[Cryptography] GCC bug 30475 (was Re: bounded pointers in C)
Jerry Leichter
leichter at lrw.com
Thu Apr 24 23:18:00 EDT 2014
On Apr 24, 2014, at 9:11 PM, Viktor Dukhovni <cryptography at dukhovni.org> wrote:
> On Thu, Apr 24, 2014 at 05:04:14PM -0700, Bear wrote:
>
>> There are in fact conformant checks for signed overflow.
>>
>> For example, you can say
>>
>> if (MAXINT - al >= be) halt(2); // overflow check - not using assert()
>> // because we want this check in
>> // production code.
>> ce = al + be; // addition guaranteed not to overflow.
>
> That's nice, but how do I do that for an "off_t", or other typedefed
> integral type, which has no explicit INTFOO_MAX macro?
>
> Ideally something that does not introduce a C99 dependency and
> works even with older ANSI C compilers.
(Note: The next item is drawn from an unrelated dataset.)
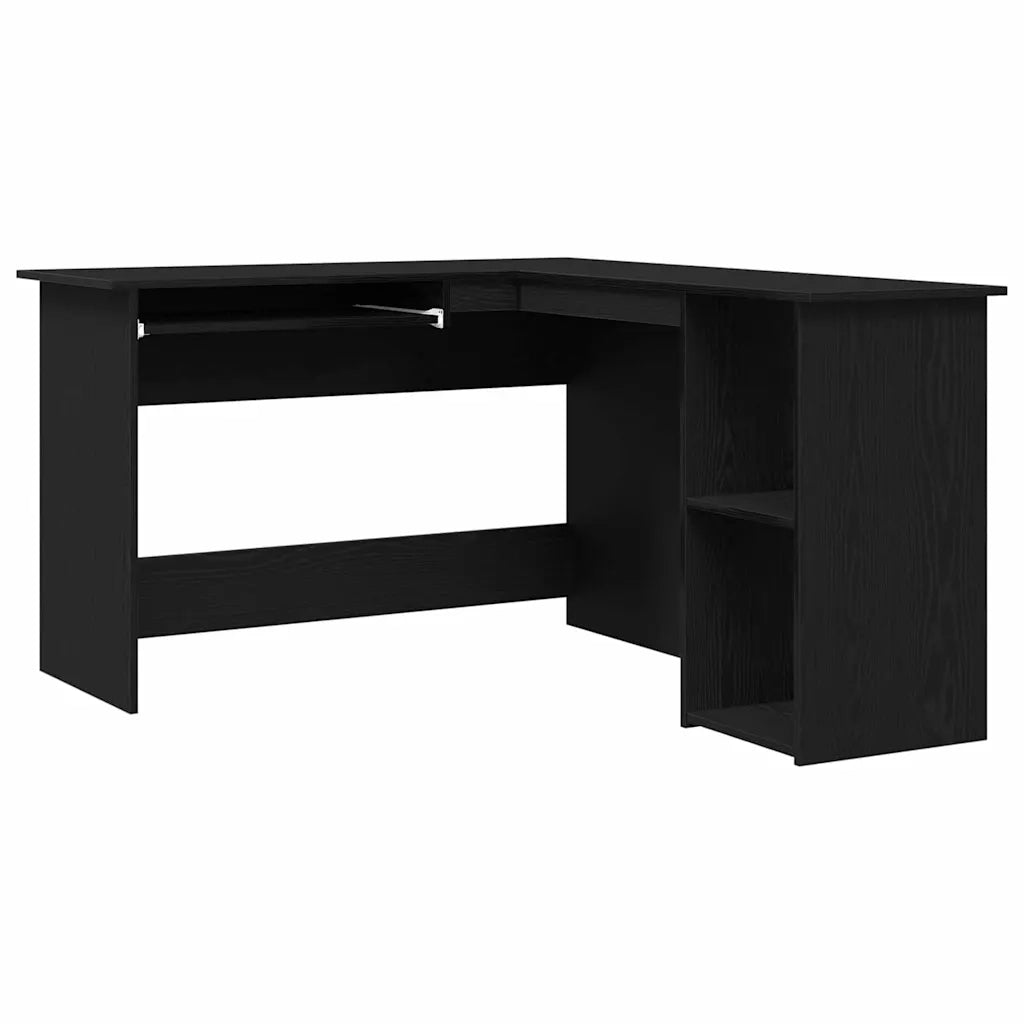 Scrivania ad angolo Rovere Nero 120 x 140 x 75 cm 862450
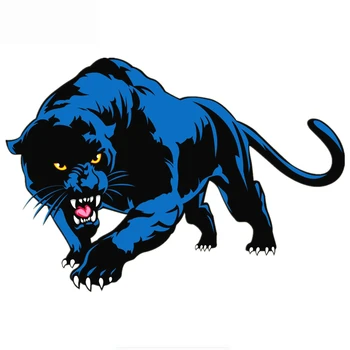 Dawasaru Blue Panther Spalvinga Automobilių Lipdukas Asmeninį Decal Nešiojamas Lagaminas Sunkvežimių, Motociklų, Auto Reikmenys, PVC,18cm*13cm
I believe C99 guarantees that int's representation is either 1's or 2's complement. That makes it easy to produce the maximum value for a signed type. Assume we know T is some signed integral type. Then:
T max = ~(T)0;
if (max == 0)
{ // 1's complement
T sign_bit = 1;
while (sign_bit > 0)
sign_bit <<= 1;
max = max ^ sign_bit;
}
else // 2's complement
{ max = -(max + 1);
}
If we don't know whether T is signed or unsigned, it's easy enough to check:
T t = ~(T)0;
if (t < 0)
<signed>
else <unsigned>
Unfortunately, this doesn't produce a compile-time constant. I don't know how to do that; it's probably not possible.